"terminate called after throwing an instance of 'c10::Error'"

Question

"terminate called after throwing an instance of 'c10::Error'"

Closed this issue 4 years ago · 9 comments

Hello,

Thanks for sharing the code. When I tried python train.py --config configs/maml/halfcheetah-vel.yaml --output-folder maml-halfcheetah-vel --seed 1 --num-workers 8,

It gave me this error,
"terminate called after throwing an instance of 'c10::Error'"

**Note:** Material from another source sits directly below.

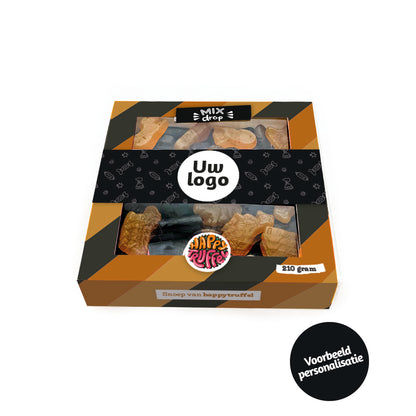 Snoeppakket “Een dropje voor jou” dropmix (210 gram) personaliseren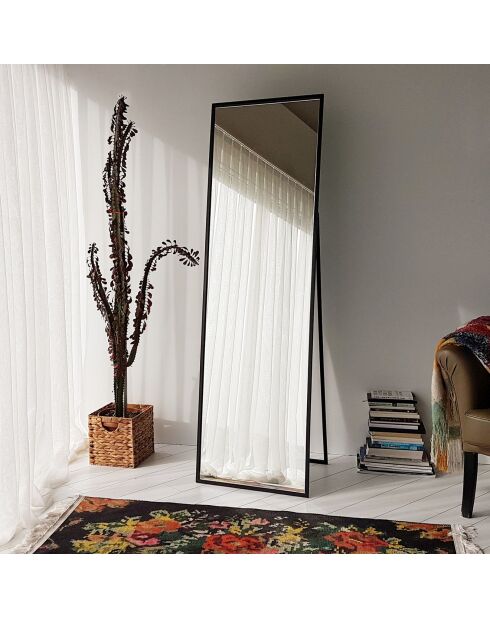 Miroir chevalet Cool Ayna noir - 50x170x60 cm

I checked all the requirements are satisfied. What could be the problem?

Thanks

Answer 1 · 2020-01-21T21:12:01.000Z

Hi, I have never encountered this error before, and I have no idea what could cause it unfortunately.
Does it happen right away when you launch the script, or after running for a while?

Answer 2 · 2020-01-22T00:29:49.000Z

Hello,

It happened a little while after I launch the script.

I think it has something to do with the multiprocessing, any guesses? Thanks

Answer 3 · 2020-01-25T02:25:29.000Z

This could be a multiprocessing issue. All the search results I get are related to some C++ code, so I'm afraid that could be internal to PyTorch (and the relation with multiprocessing). I'm sorry I'm not of much help, I'll keep looking.

Answer 4 · 2020-04-16T03:44:01.000Z

@wyshi, I am getting the same error. Have you resolved the issue?

Answer 5 · 2020-04-17T14:29:50.000Z

Can you give more details about your setup (OS/Python version/PyTorch version)?

Answer 6 · 2020-04-21T16:40:21.000Z

Ubuntu, 16.04.6 LTS/Python 3.7.6/Pytorch 1.3.1

…

On Fri, Apr 17, 2020 at 7:30 AM Tristan Deleu ***@***.***> wrote: Can you give more details about your setup (OS/Python version/PyTorch version)? — You are receiving this because you commented. Reply to this email directly, view it on GitHub <#40 (comment)>, or unsubscribe <https://github.com/notifications/unsubscribe-auth/ACB26WSFEJIHEY7V5XAPVVDRNBRW5ANCNFSM4KJLEW6Q> .

Answer 7 · 2020-04-24T13:10:32.000Z

Can someone provide the full traceback with this error? With possibly what follows this error (frame #1 ...?)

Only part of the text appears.